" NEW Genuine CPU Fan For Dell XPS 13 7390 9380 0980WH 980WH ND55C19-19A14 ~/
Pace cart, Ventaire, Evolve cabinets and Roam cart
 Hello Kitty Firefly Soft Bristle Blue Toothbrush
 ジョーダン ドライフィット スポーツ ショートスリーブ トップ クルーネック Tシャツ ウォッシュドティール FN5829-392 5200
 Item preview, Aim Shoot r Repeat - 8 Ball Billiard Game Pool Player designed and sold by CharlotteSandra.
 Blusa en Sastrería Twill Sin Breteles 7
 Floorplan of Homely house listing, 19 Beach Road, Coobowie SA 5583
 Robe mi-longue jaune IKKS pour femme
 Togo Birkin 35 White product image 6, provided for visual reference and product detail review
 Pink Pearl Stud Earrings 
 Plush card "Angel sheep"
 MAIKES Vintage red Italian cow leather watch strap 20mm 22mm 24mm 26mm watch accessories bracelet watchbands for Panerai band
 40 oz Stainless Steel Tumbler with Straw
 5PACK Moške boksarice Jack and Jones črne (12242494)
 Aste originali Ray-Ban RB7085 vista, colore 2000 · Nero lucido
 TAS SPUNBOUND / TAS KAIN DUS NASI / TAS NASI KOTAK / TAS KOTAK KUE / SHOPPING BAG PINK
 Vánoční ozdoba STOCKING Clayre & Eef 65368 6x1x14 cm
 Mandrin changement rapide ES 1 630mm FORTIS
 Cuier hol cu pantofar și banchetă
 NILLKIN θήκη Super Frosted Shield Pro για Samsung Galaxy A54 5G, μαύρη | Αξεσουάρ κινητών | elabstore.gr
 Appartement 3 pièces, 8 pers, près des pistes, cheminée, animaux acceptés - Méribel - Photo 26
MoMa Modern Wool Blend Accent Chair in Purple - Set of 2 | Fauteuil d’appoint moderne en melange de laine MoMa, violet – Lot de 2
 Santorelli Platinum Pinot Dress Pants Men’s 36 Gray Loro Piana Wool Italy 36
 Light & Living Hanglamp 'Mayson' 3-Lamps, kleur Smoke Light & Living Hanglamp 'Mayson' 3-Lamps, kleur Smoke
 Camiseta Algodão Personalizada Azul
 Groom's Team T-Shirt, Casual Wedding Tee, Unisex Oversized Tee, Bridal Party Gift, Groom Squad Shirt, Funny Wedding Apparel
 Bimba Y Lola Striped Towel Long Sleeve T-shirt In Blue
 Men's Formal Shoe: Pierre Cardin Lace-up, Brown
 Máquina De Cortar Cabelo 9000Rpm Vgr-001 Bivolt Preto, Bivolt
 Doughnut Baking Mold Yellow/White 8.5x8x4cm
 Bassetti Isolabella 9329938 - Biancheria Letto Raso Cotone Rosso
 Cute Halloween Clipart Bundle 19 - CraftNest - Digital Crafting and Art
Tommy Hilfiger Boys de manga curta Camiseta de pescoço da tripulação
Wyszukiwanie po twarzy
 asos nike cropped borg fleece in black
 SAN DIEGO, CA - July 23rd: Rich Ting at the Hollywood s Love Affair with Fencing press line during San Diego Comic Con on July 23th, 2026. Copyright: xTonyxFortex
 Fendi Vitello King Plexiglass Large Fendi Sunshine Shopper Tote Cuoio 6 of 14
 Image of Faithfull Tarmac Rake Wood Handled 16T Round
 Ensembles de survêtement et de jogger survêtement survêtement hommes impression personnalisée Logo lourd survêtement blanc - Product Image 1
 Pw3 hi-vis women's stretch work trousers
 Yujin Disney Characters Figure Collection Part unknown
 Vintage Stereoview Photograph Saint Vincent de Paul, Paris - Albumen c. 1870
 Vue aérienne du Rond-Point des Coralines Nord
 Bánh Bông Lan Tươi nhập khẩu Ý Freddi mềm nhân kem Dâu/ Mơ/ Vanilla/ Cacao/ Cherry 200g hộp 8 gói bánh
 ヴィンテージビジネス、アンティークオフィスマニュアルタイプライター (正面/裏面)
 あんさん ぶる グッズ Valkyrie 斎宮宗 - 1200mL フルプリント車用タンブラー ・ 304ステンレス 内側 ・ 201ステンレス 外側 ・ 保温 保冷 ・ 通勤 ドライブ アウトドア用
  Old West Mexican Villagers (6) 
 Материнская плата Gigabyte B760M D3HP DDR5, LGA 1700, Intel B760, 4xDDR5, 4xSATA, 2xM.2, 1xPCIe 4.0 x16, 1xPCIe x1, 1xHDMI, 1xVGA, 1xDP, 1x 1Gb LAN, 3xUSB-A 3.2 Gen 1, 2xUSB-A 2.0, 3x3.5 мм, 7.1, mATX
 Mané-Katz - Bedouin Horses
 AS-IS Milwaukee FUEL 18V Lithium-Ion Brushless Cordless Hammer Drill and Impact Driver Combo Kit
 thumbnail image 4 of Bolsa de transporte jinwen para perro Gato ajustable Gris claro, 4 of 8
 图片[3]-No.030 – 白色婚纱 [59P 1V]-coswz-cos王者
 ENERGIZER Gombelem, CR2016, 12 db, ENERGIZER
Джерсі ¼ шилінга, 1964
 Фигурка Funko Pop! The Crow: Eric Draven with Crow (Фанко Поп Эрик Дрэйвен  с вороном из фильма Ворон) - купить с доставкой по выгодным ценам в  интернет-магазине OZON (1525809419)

☆ ☆ ☆ ☆

Give back, unchanged, the run of lines in the listing above that begins at the line containing "Fendi Vitello King" and ends at the line containing "Old West Mexican Villagers (6)", both included.

 Fendi Vitello King Plexiglass Large Fendi Sunshine Shopper Tote Cuoio 6 of 14
 Image of Faithfull Tarmac Rake Wood Handled 16T Round
 Ensembles de survêtement et de jogger survêtement survêtement hommes impression personnalisée Logo lourd survêtement blanc - Product Image 1
 Pw3 hi-vis women's stretch work trousers
 Yujin Disney Characters Figure Collection Part unknown
 Vintage Stereoview Photograph Saint Vincent de Paul, Paris - Albumen c. 1870
 Vue aérienne du Rond-Point des Coralines Nord
 Bánh Bông Lan Tươi nhập khẩu Ý Freddi mềm nhân kem Dâu/ Mơ/ Vanilla/ Cacao/ Cherry 200g hộp 8 gói bánh
 ヴィンテージビジネス、アンティークオフィスマニュアルタイプライター (正面/裏面)
 あんさん ぶる グッズ Valkyrie 斎宮宗 - 1200mL フルプリント車用タンブラー ・ 304ステンレス 内側 ・ 201ステンレス 外側 ・ 保温 保冷 ・ 通勤 ドライブ アウトドア用
  Old West Mexican Villagers (6) 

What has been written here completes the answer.